• Records supplied:
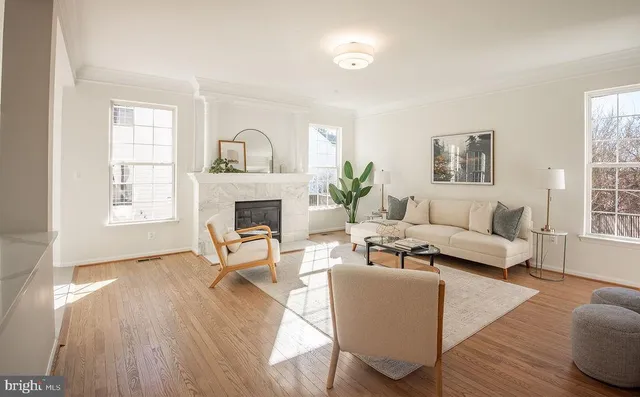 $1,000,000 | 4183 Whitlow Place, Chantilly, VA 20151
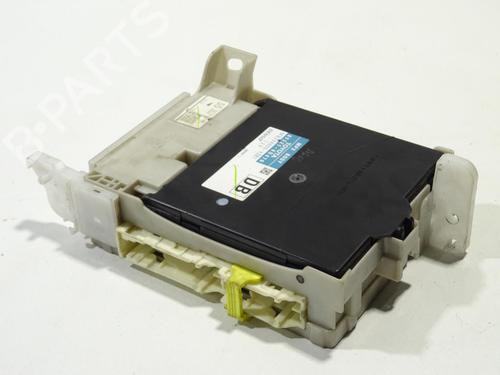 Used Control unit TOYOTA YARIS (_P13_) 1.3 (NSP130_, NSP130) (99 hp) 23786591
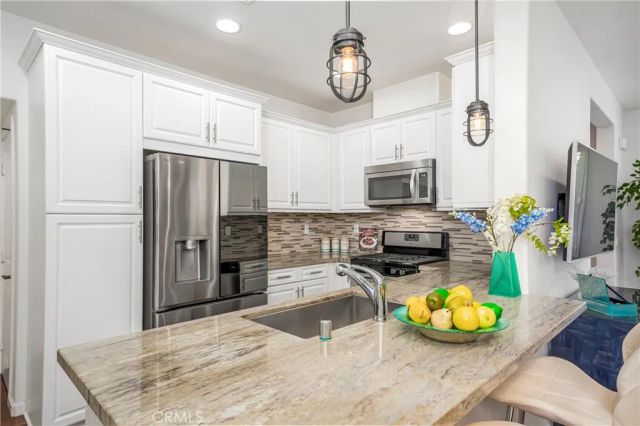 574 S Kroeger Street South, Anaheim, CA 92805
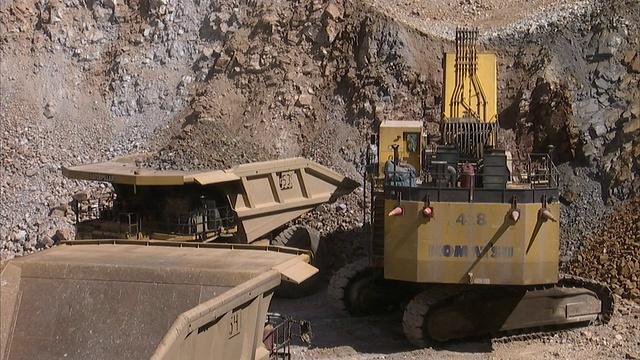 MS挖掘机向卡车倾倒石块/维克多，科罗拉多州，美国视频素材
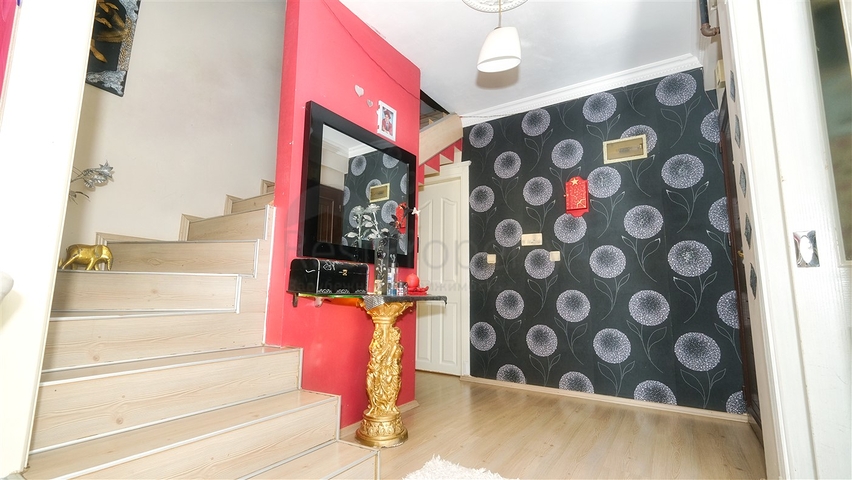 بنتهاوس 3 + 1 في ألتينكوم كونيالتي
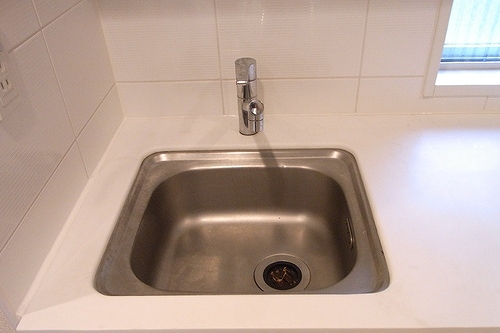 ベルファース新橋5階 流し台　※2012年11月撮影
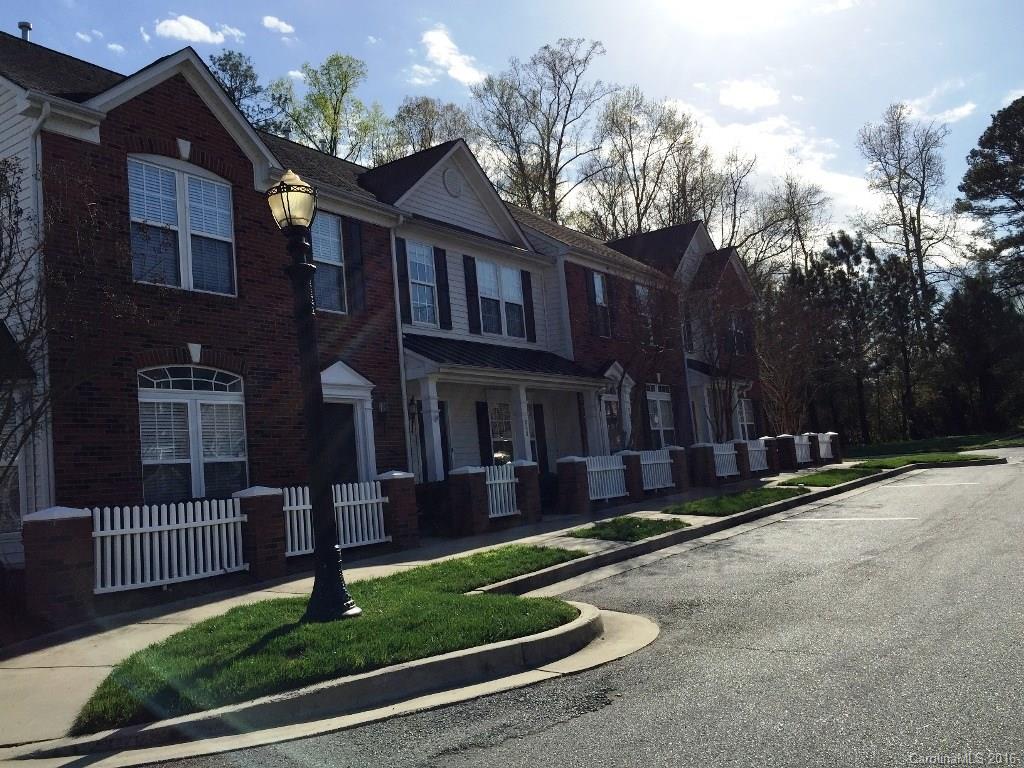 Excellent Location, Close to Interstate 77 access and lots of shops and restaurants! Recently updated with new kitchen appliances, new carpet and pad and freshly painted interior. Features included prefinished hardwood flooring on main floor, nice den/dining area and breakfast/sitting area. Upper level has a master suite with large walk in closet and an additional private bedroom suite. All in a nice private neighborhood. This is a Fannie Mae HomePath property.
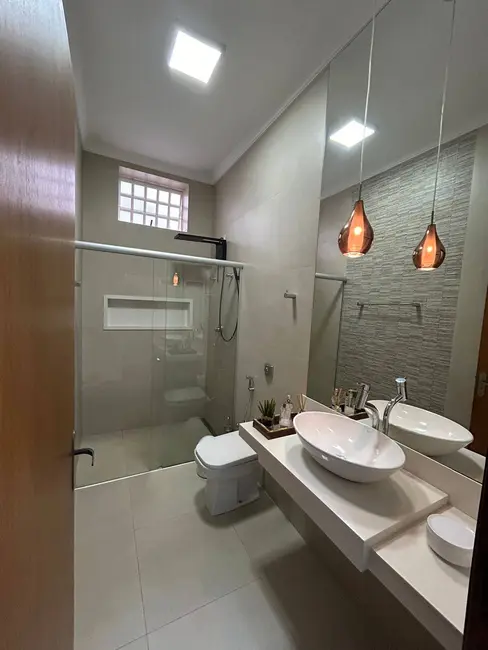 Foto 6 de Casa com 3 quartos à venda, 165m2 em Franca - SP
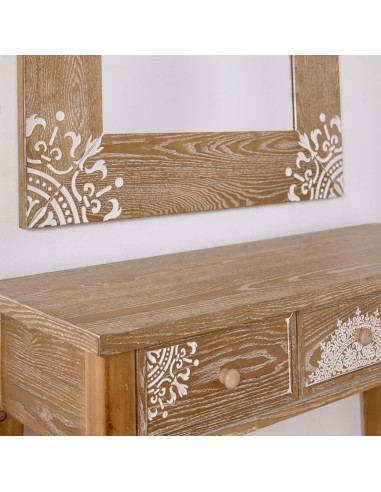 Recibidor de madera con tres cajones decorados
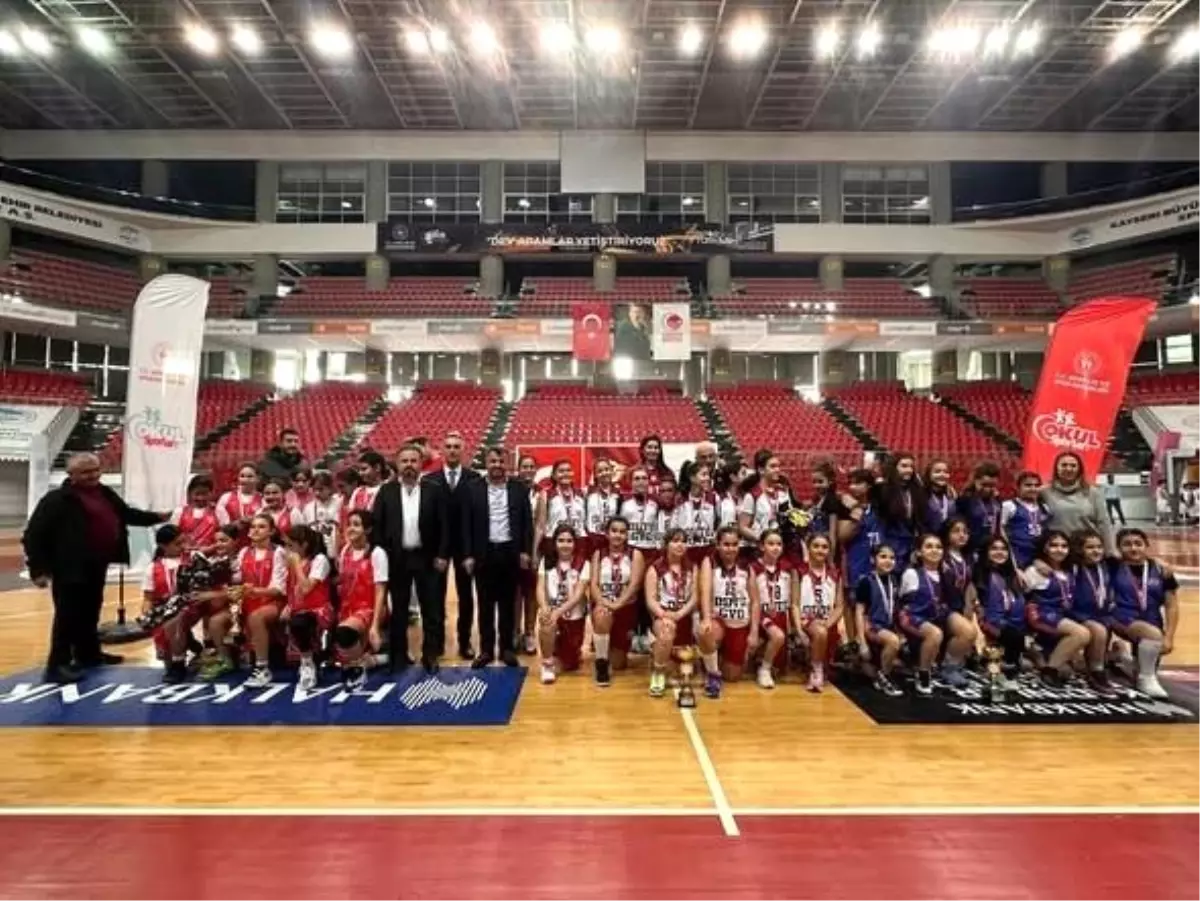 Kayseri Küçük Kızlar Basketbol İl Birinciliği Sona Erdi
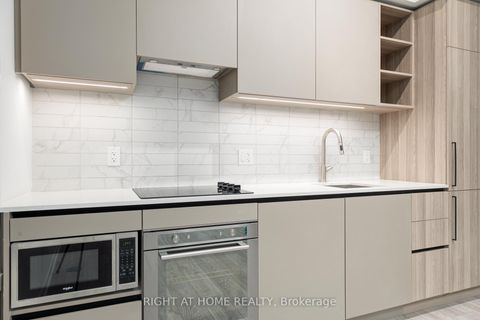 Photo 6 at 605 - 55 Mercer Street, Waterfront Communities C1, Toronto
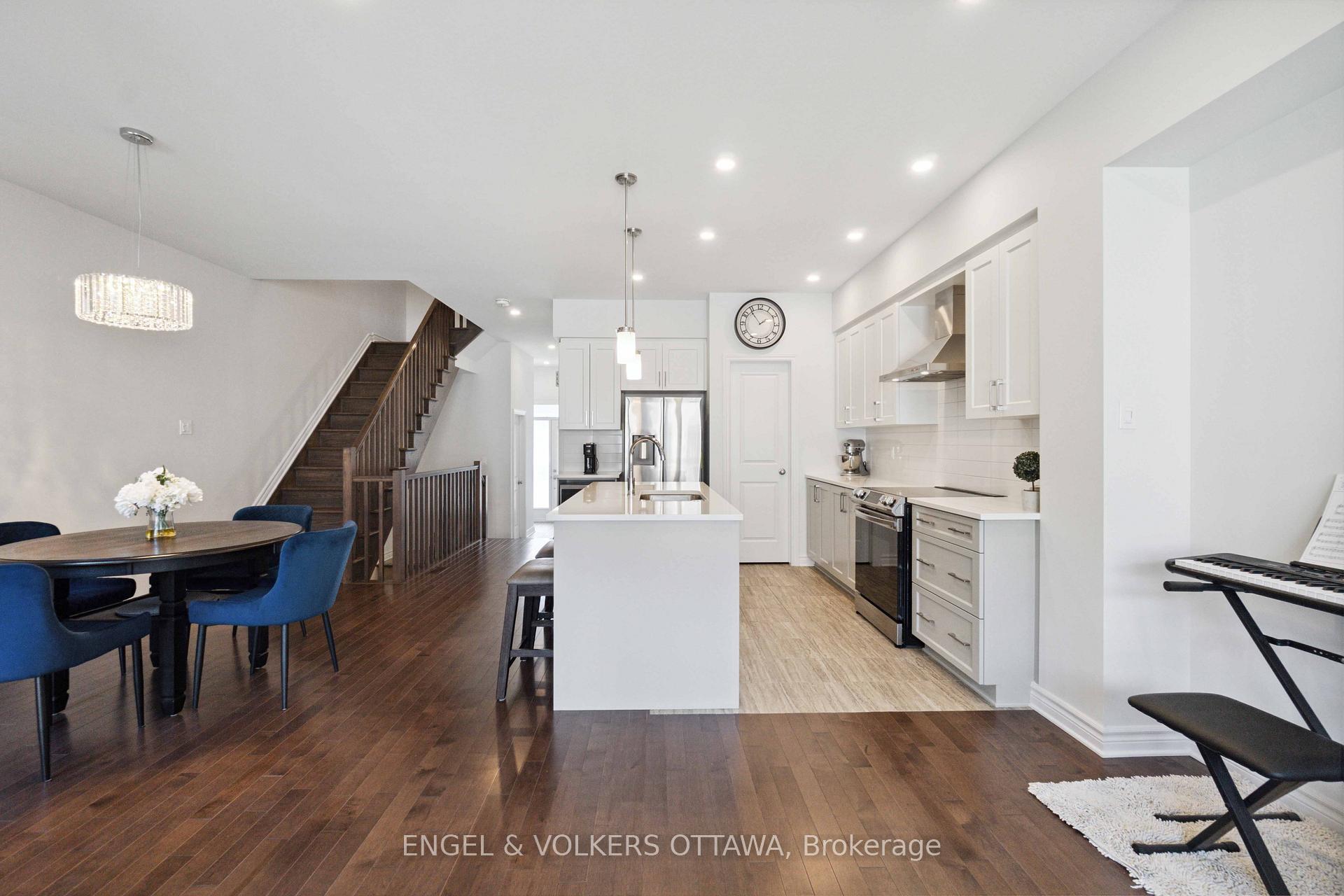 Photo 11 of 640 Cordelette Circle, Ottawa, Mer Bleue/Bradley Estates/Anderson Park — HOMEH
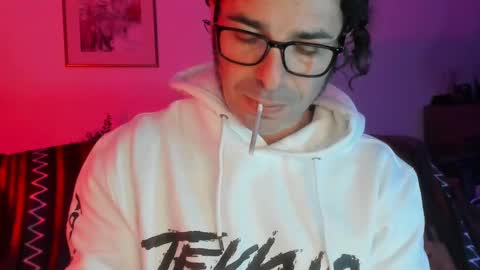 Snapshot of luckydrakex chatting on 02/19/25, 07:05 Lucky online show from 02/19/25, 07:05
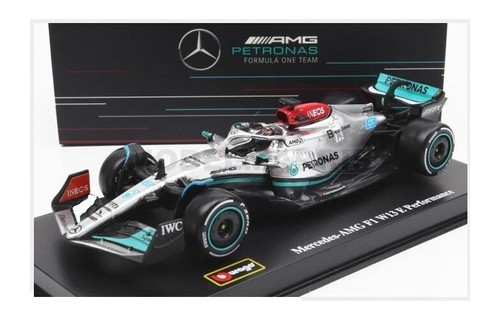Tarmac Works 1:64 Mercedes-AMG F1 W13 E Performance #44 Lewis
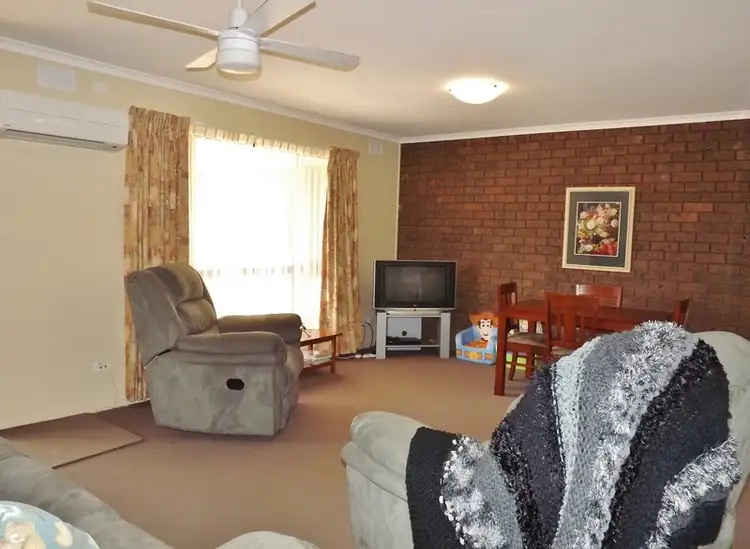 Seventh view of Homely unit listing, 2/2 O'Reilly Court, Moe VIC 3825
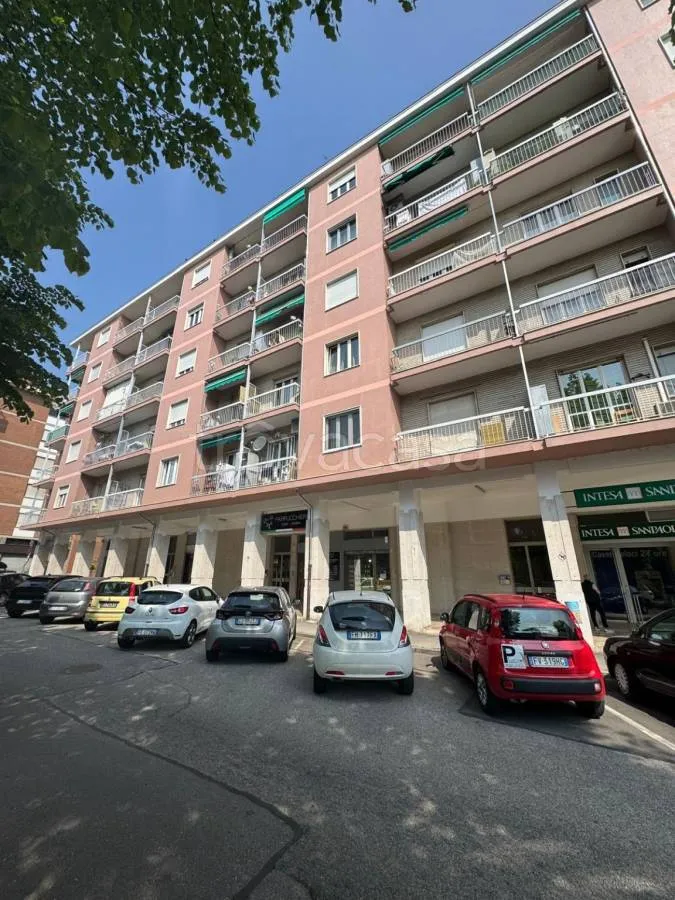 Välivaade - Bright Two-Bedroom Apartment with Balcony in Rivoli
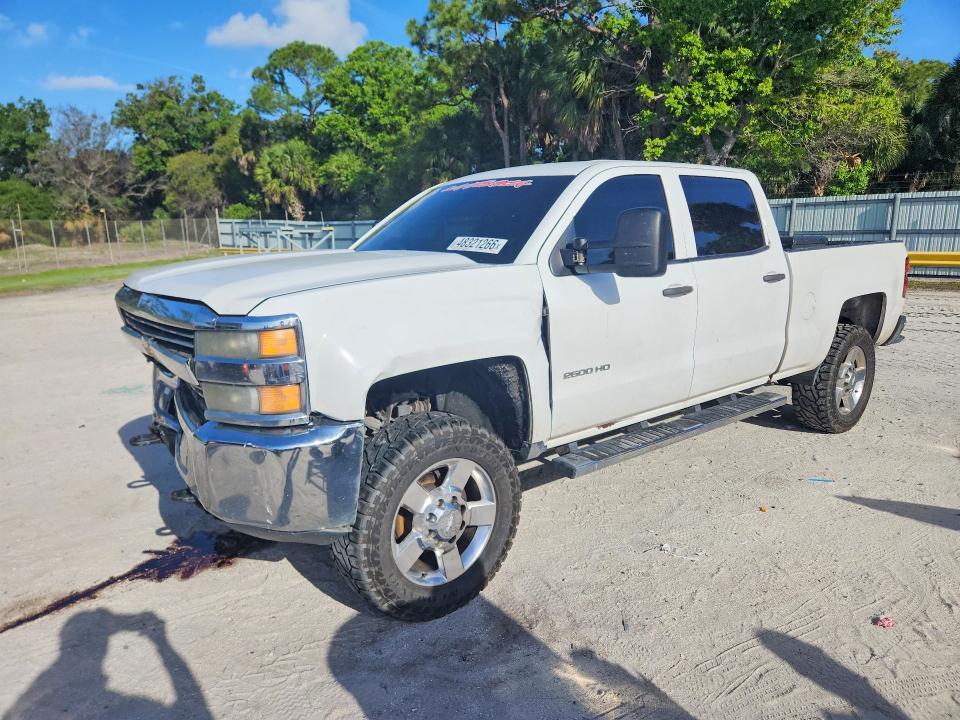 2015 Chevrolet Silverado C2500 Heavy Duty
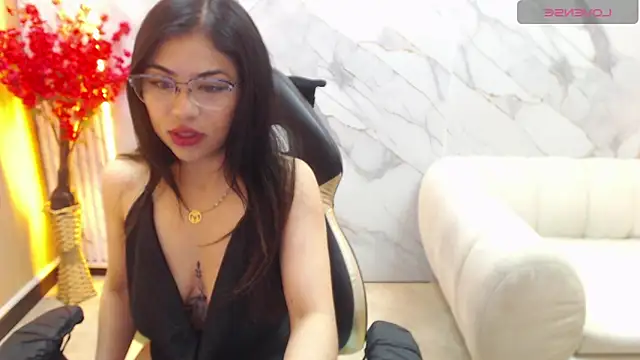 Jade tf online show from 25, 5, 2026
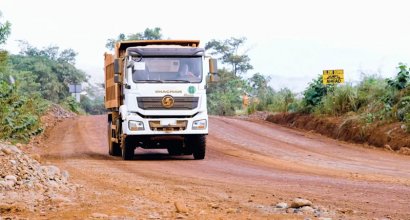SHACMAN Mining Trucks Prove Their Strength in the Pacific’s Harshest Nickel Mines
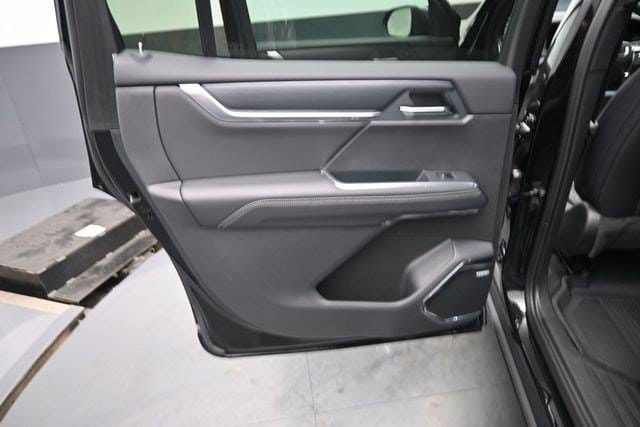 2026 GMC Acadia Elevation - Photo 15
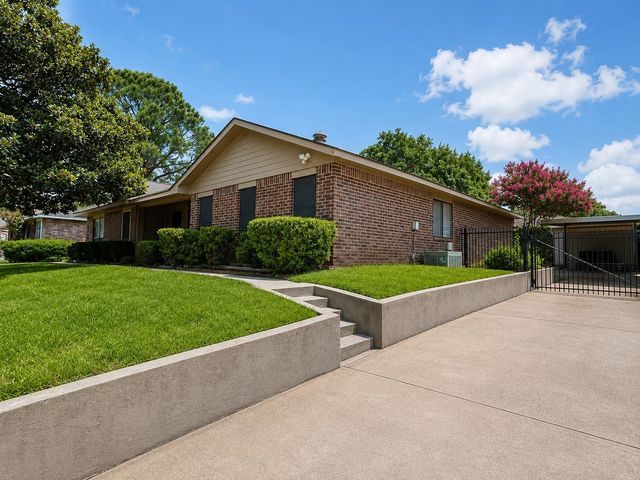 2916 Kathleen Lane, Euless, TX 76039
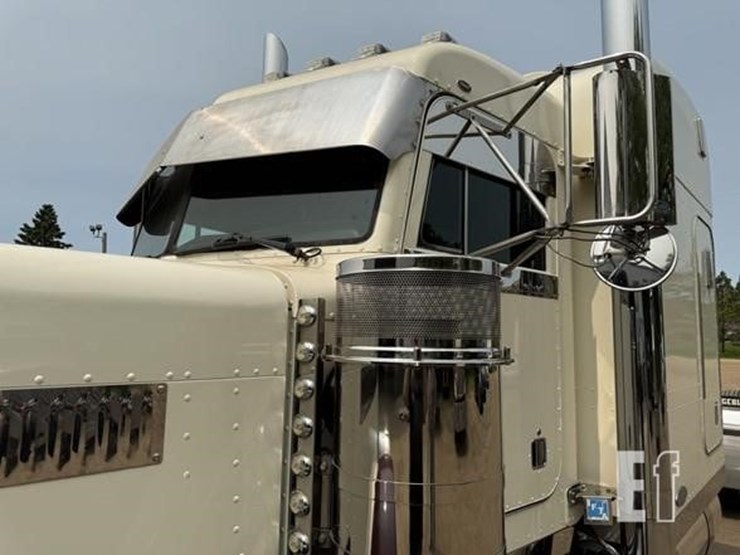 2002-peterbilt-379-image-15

• What you should do: Retype exactly, and only, the lines from the one containing "Photo 11 of" through the end of the material, leaving aside every picture.

• Worked solution:
 Photo 11 of 640 Cordelette Circle, Ottawa, Mer Bleue/Bradley Estates/Anderson Park — HOMEH
 Snapshot of luckydrakex chatting on 02/19/25, 07:05 Lucky online show from 02/19/25, 07:05
Tarmac Works 1:64 Mercedes-AMG F1 W13 E Performance #44 Lewis
 Seventh view of Homely unit listing, 2/2 O'Reilly Court, Moe VIC 3825
 Välivaade - Bright Two-Bedroom Apartment with Balcony in Rivoli
 2015 Chevrolet Silverado C2500 Heavy Duty
 Jade tf online show from 25, 5, 2026
SHACMAN Mining Trucks Prove Their Strength in the Pacific’s Harshest Nickel Mines
 2026 GMC Acadia Elevation - Photo 15
 2916 Kathleen Lane, Euless, TX 76039
 2002-peterbilt-379-image-15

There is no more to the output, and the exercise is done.